MATTESON, Ill. (CBS) -- Google the word "majorette," and a top result is: "Do majorettes still exist?"
Well, they do. CBS 2's Lauren Victory showed us a team in the south suburbs trying to keep the sport alive.
The sun was setting when it dawned on the team CBS 2 was profiling – their competition was just days away. The majorettes – baton twirlers who dance – ran their routine over and over. There was lots of flipping and sometimes flubbing.
Dropping the baton is just part of the sport, explained 12-year-old Kalia Thomas.
"You have to learn twirls – a lot of them," Kalia said. "Sometimes you can get them in a year. Sometimes you get them in a few months. Sometimes you can get them in a few days."
Her mom, Kaila Muhammad, and aunt, Kenyatta Johnson, are the coaches for her team – and another, more junior squad. Their program has a flashy name, "Classy Ladies of Excellence."
"My sister, she said, 'Ladies of Excellence' and I was like, 'CLASSY Ladies of Excellence,'" said Muhammad, who has been twirling since she was seven years old.
Johnson, her sister, was the captain of her high school team. Both have watched the pomp and circumstance of being a majorette fall to the wayside.
Why? Their guess is the immense amount of hand-eye coordination being a baton twirler who dances entails.
"It's a really technical sport," said Muhammad.
The girls are set to showcase their rare skills on Saturday at the Matteson Community Center. It's the first ever "Classy Ladies of Excellence" majorette, cheer, and dance competition. Organizing the event was more difficult than the coaches imagined. s
"We were looking for more teams to join us," said Muhammad.
She later explained that no one signed up to compete in the majorette category. They weren't snubbed – there's just not enough people that know how to twirl and dance.
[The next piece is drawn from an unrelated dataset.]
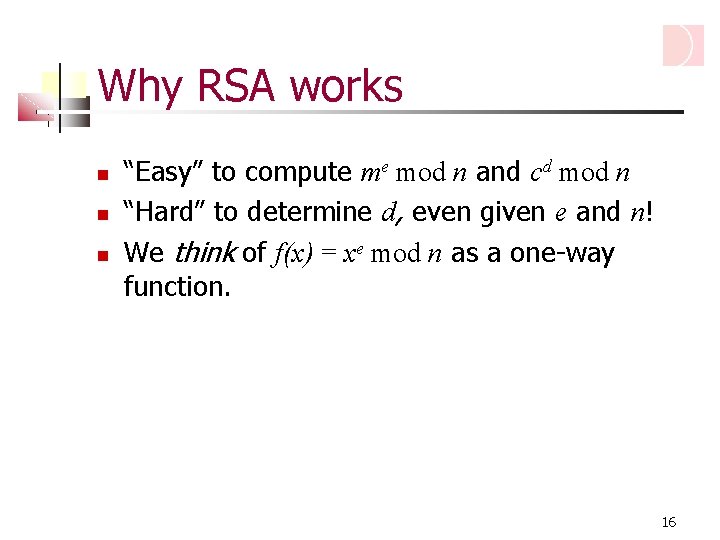 Why RSA works “Easy” to compute me mod n and cd mod n “Hard”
"It's really, it's become a dying art," said Johnson. "[There] used to be so many majorette programs."
These days, the Classy Ladies are the only pre-high school team in the area. It's why they're working so hard to perform at their competition despite their lack of challengers. The hope is to dazzle and inspire the crowd with their nostalgic tricks.
"We hear all the time when we're doing parades from older women in the community, 'Now those are majorettes. Twirl those batons, girls!'' said Johnson. "We think it's a really good outlet for girls."
Twelve-year-old Kalia thinks so, too.
"Without majorette, I wouldn't be here right now," the preteen said. "I would just be in the house, just probably on my bed, asleep."
Johnson and Muhammad host majorette clinics every so often to give young girls a taste of the sport including an upcoming session beginning in November.
Saturday's competition from 11 a.m. to 1:30 p.m. is open to the public with a $5 admission.
Proceeds will go to breast cancer research, as the grandmother of the coaches is a survivor.